Ben filmi kendim için yaptım,festivaller için değil. Çok da festivallere gönderme niyetiyle yanıp tutuşmuyorum ama bu festival gibi karşıma çıkan festivallere de gönderebilirim. Ama benim ayrı bir işim var ve tam zamanlı orada çalışıyorum. Mart ayında ISFFC başvuru haberini instagramda görünce bir motivasyon olarak görüntüleri montajlayarak işi film haline getirerek Haziran’a yetiştirdim. Festivalde tanıştığım birçok yönetmen meslek olarak sinema ile uğraşıyor ve gerek dünyadaki gerekse Kıbrıs taki festival takvimlerine göre filmler üretiyorlar. Bizim tarafta hiç böyle bir motivasyon görmedim. Güneyde profesyonel sinemacılarla tanıştım. Fransada sonuçta ben müzelerle çalışıyorum ve alanım kültür.Bu projeleri bizim ülkeye de getirmek istiyorum.

“İnsanları o fırının ortamına götürebilmişim ne mutlu bana”

Gösterim sonrası reaksiyonlar nasıl oldu?
Reaksyonların iyi olduğunu söyleyebilirim. Diğer yönetmenler kamera açıları, sinematografi vs. ilk filme göre çok iyi olduğunu söylediler. İnsanları o fırının ortamına götürebilmişim ne mutlu bana. Filmde fırında kullanılan ve Limasolda bir şirkette yapılmış olan yoğurma makinesi  ile ilgili gösterimden sonra bir genç yanıma geldi ve bu makineyi dedesinin firmasının yaptığını,filmi izlerken duygusal anlar yaşadığını dile getirdi.

“Benim için en değerli şey bu insanları ve yaşattıkları kültürü kayıt altına almaktı ve bunu da yaptığım için kendimi çok mutlu hissediyorum”
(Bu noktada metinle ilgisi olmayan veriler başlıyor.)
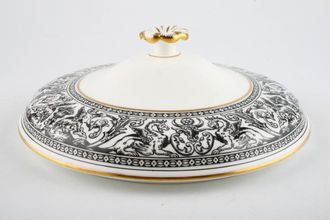 Sell Wedgwood Florentine - Black - W4312 Vegetable Tureen Lid Only Round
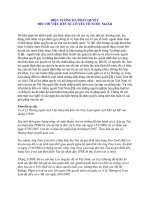 HIỆN TƯỢNG ĐA PHÁN QUYẾT  ĐỐI VỚI VIỆC DÂN SỰ CÓ YẾU TỐ NƯỚC NGOÀI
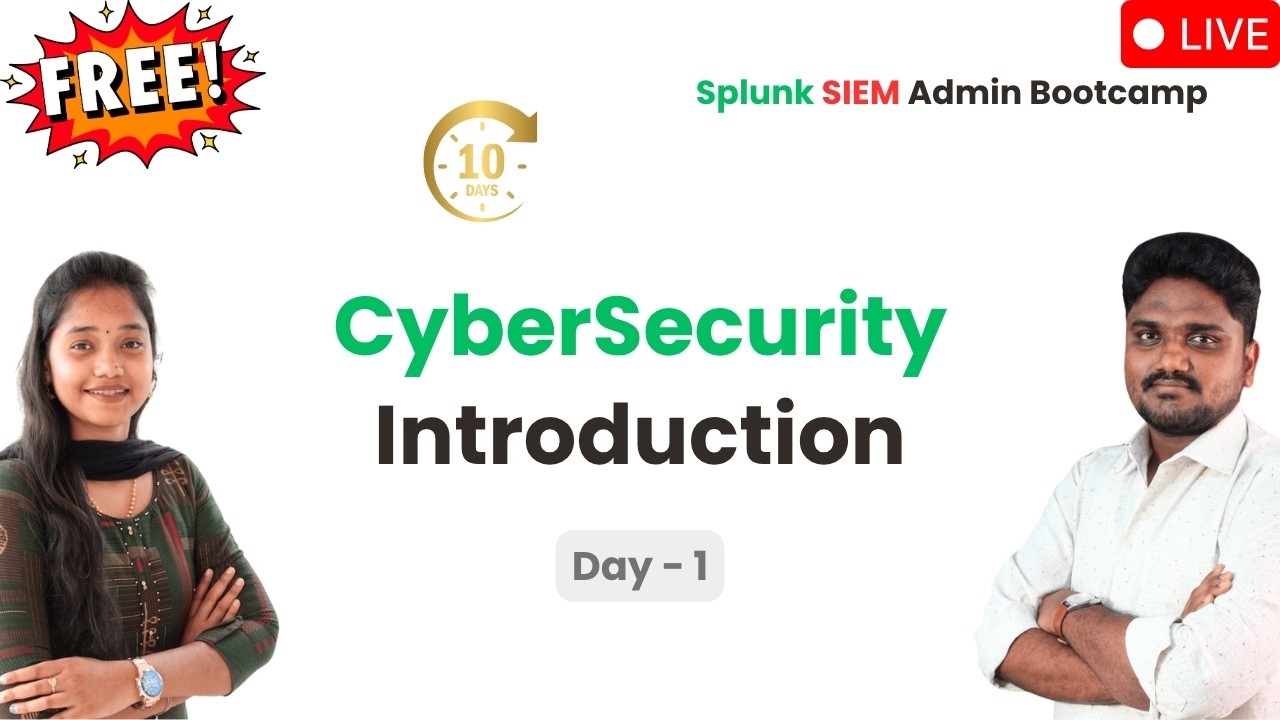 Бесплатный 5-дневный вводный курс по администрированию Splunk SIEM. День 1 | Кибербезопасность - ...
Filmini festivaller için yapmadığını söyledin. Peki şimdi özel gösterimler mi düşünüyorsun?
Evet ben insanlar bu filmi izlesin istiyorum ve bu yüzden filmi YouTube’ye yükledim. Bittacı yazıp herkes izleyebilir. Bir iki festivale daha başvuru yaptım,onlardan da cevap bekliyorum. Benim için en değerli şey bu insanları ve yaşattıkları kültürü kayıt altına almaktı ve bunu da yaptığım için kendimi çok mutlu hissediyorum. Tek üzüntüm Ertan Bittacı’nın bu süreçte aramızdan ayrılmasıdır. Keşke sinemada bir hafta bu filmi insanlara gösterme şansımız da olsa.

“Kültürel açıdan önemli olan yerler ve kişilerin hikayesini çekmek istiyorum”
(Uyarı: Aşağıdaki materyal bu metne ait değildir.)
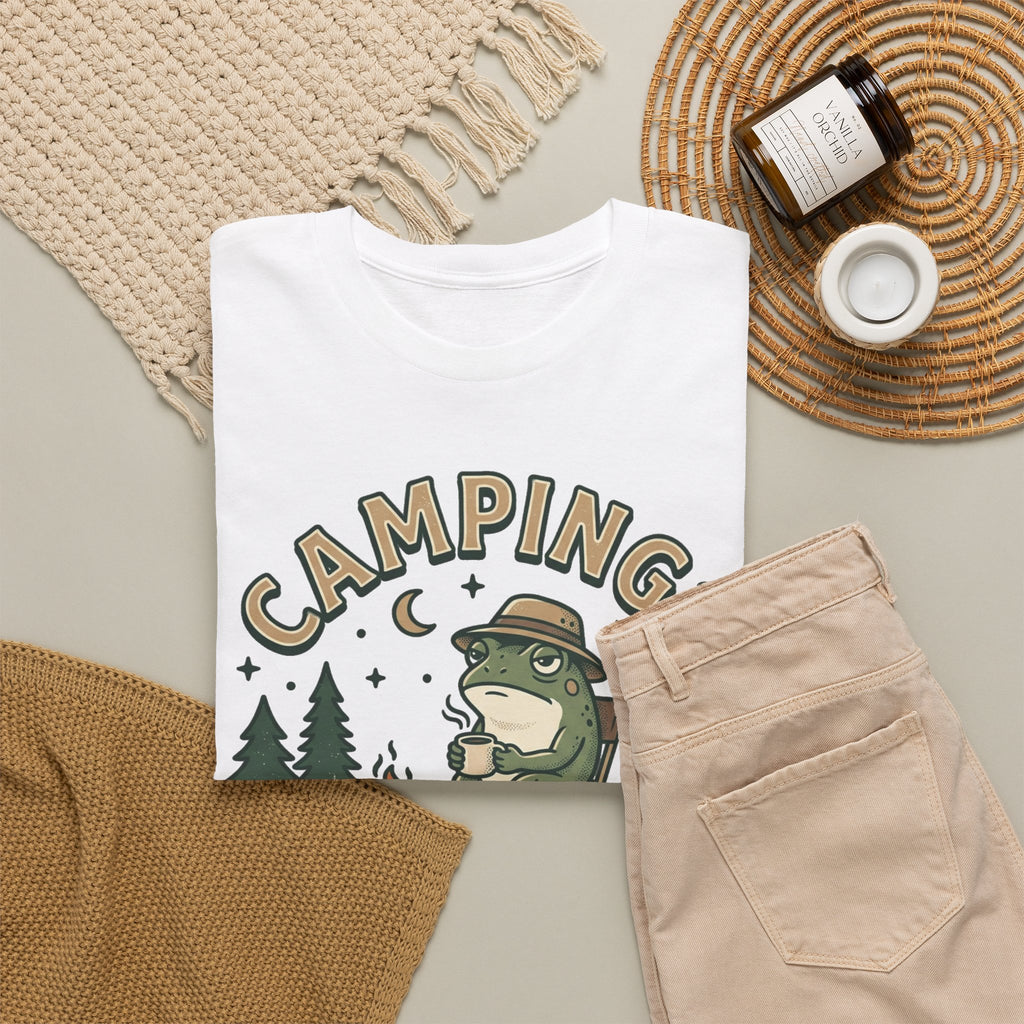 Camping? I Thought You Said Napping T-Shirt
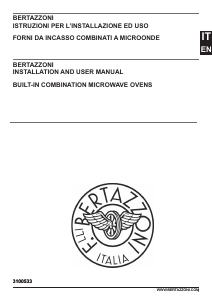 Handleiding Bertazzoni F457HERMWTAX Oven
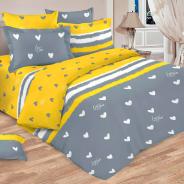 КПБ Перкаль - Дуэт серый - фото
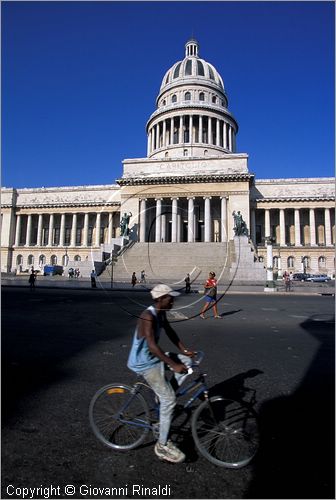 CUBA - HAVANA - Capitolio Nacional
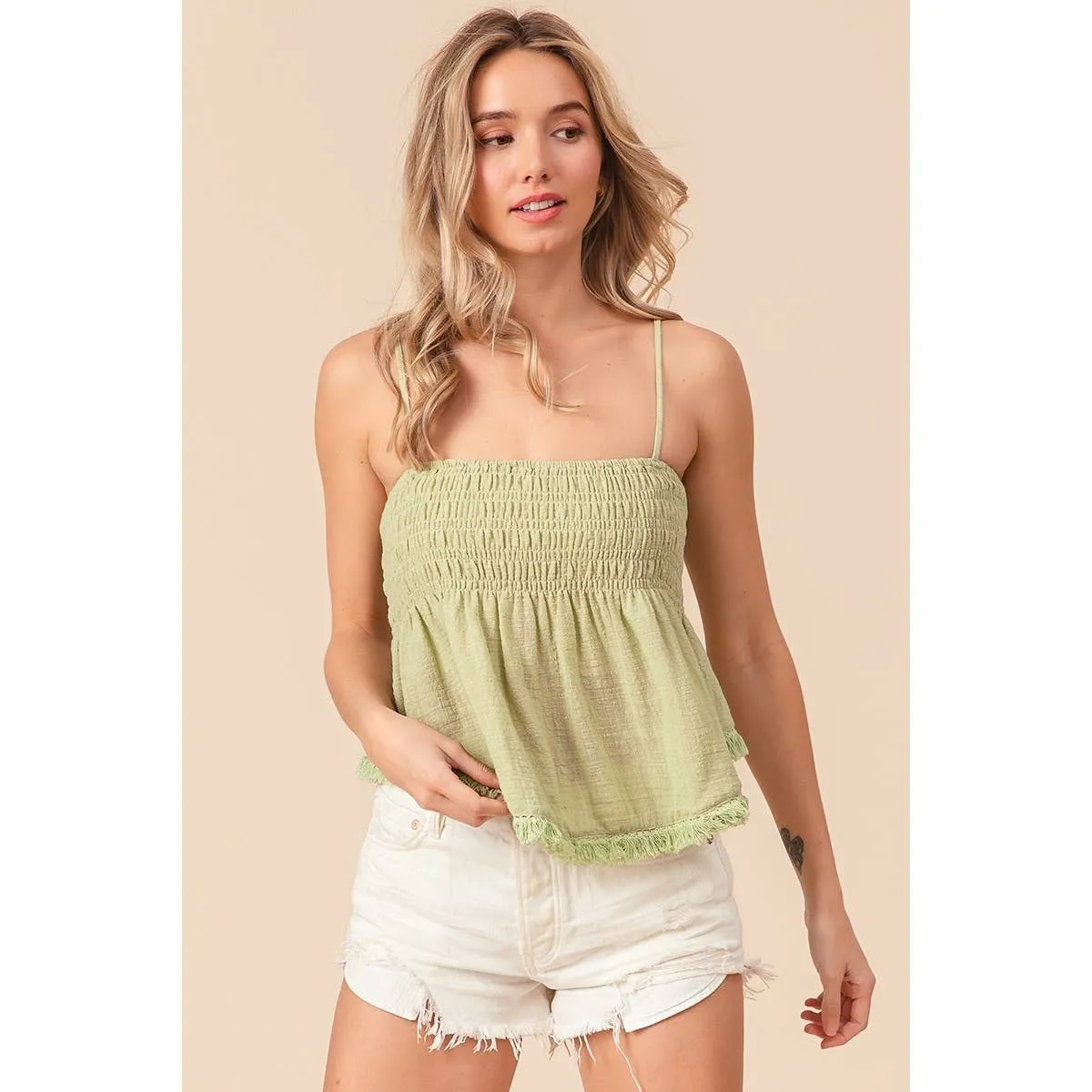 Vivian Boho Cami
Bundan sonraki projelerin kesin vardır diye tahmin ediyorum. Son olarak bunla bitirelim.
Evet vardır.Kültürel açıdan önemli olan yerler ve kişilerin hikayesini çekmek istiyorum. Limasolda festival için kalırken bir sürpriz karşılaşma oldu ve Limasolda yaşayan 82 yaşında Ayhan Mehmet ile tanıştım. Onunla konuştuk sonra uzun bir röportaj yaptım, hayatından çekimler yaptım. Bir sonraki filmim onun portresi olabilir. Limasolda yaşayan Kıbrıslı Türkler hakkında da bir film yapma düşüncem var. Yeni Bittacı’lar da olabilir.